The Havana That the Castros are Going to Leave Us / Ivan Garcia
Posted on March 23, 2014
Autocrats always want to transcend their own times. The Roman emperors,
Hitler, Mussolini and the communist dictators Stalin, Honecker or
Ceaucescu, bequeathed their own styles of architecture.
In Rome they still retain coliseums and palaces. Mussolini left hundreds
of works, constructed under the label of fascist rationalist
architecture, rolled out in Italy at the end of the 1920s in the last
century.
Hitler also put up buildings and spaces in the Nazi cult, with the
patronage of Albert Speer, in an original architectural style inspired
by neo-classicism and art deco.
Sixty-nine years after the psychopathic Führer shot himself in his
Berlin underground bunker, just before the defeat of the Third Reich,
the Germans are still driving along the magnificent autobahns built in
the Hitler period.
A serial criminal like Stalin left us socialist realism – horrible,
certainly – which encompassed all the arts.

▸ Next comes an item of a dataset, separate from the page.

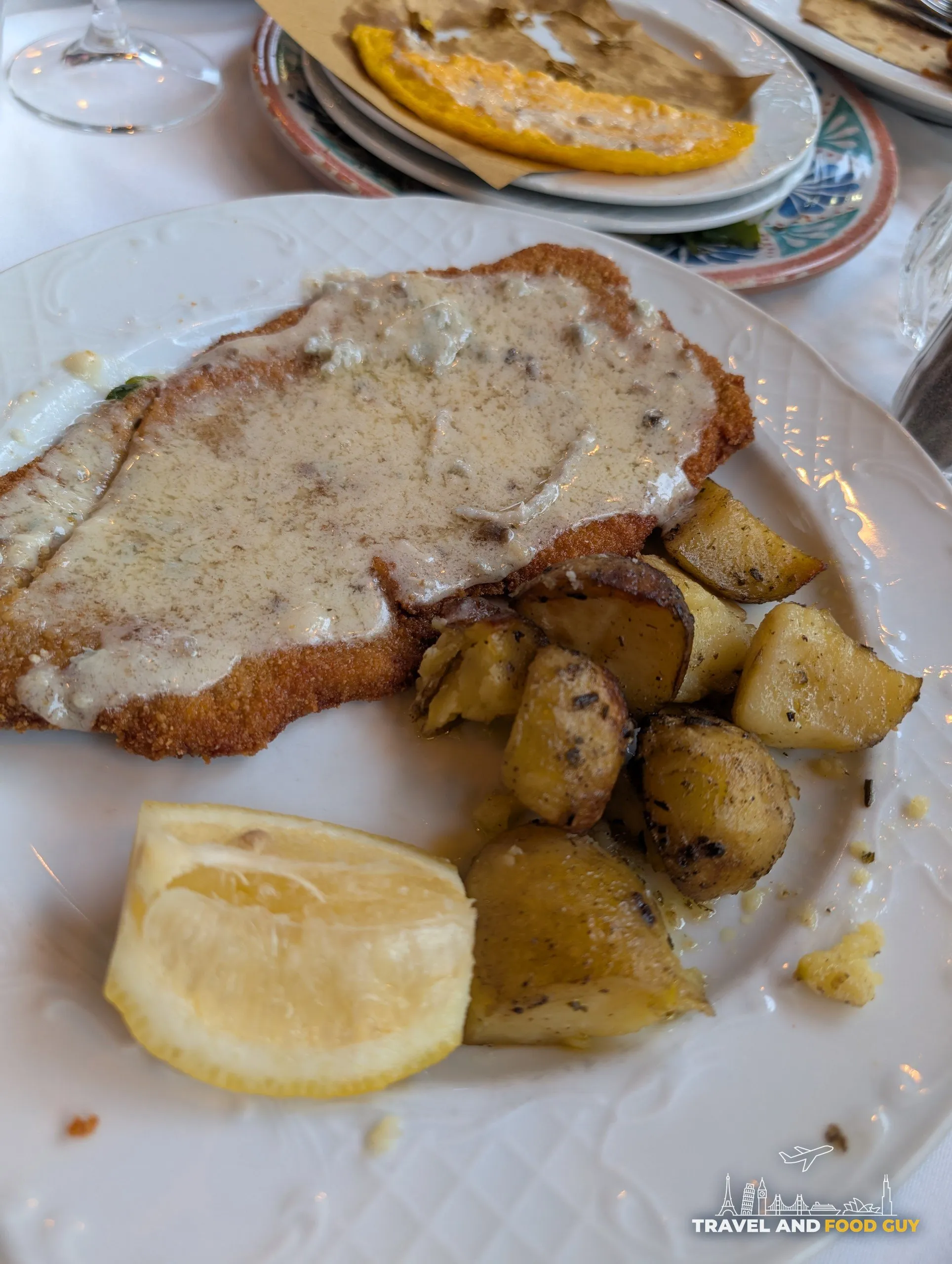 Breaded Milanese-style cutlet covered in truffle cream sauce with golden roasted potatoes and lemon at Trattoria Zà-Zà, Florence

Nicholas Ceaucescu, another
dictator doing it by the book, demolished a fifth of Bucharest and put
up new buildings.
His greatest project was the Palace of the People, the second biggest
building in the world, after the Pentagon in Washington.
Fidel Castro won't leave any timeless architectural works. He put up
thousands of schools and hospitals, but, apart from the Instituto
Superior de Arte, in the Playa Council area of Havana, the rest of his
designs disfigure the landscape.
And forget about quality of construction. Most of the buildings put up
after the bearded people came to power look older than many built at the
beginning of the 20th century.
In Havana, capital of the first communist country in America, the
architectural legacy will be irrelevant. You'd have to search with a
magnifying glass to spot any high calibre work.
Among them would be the Coppelia ice cream shop, designed by Mario
Girona in the centre of Vedado, or Antonio Quintana's Palacio de
Convenciones in the suburb of Cubanacán. You could also make an
exception of Camilo Cienfuegos city, in East Havana, and Lenin Park, a
green lung provided on the outskirts of the city.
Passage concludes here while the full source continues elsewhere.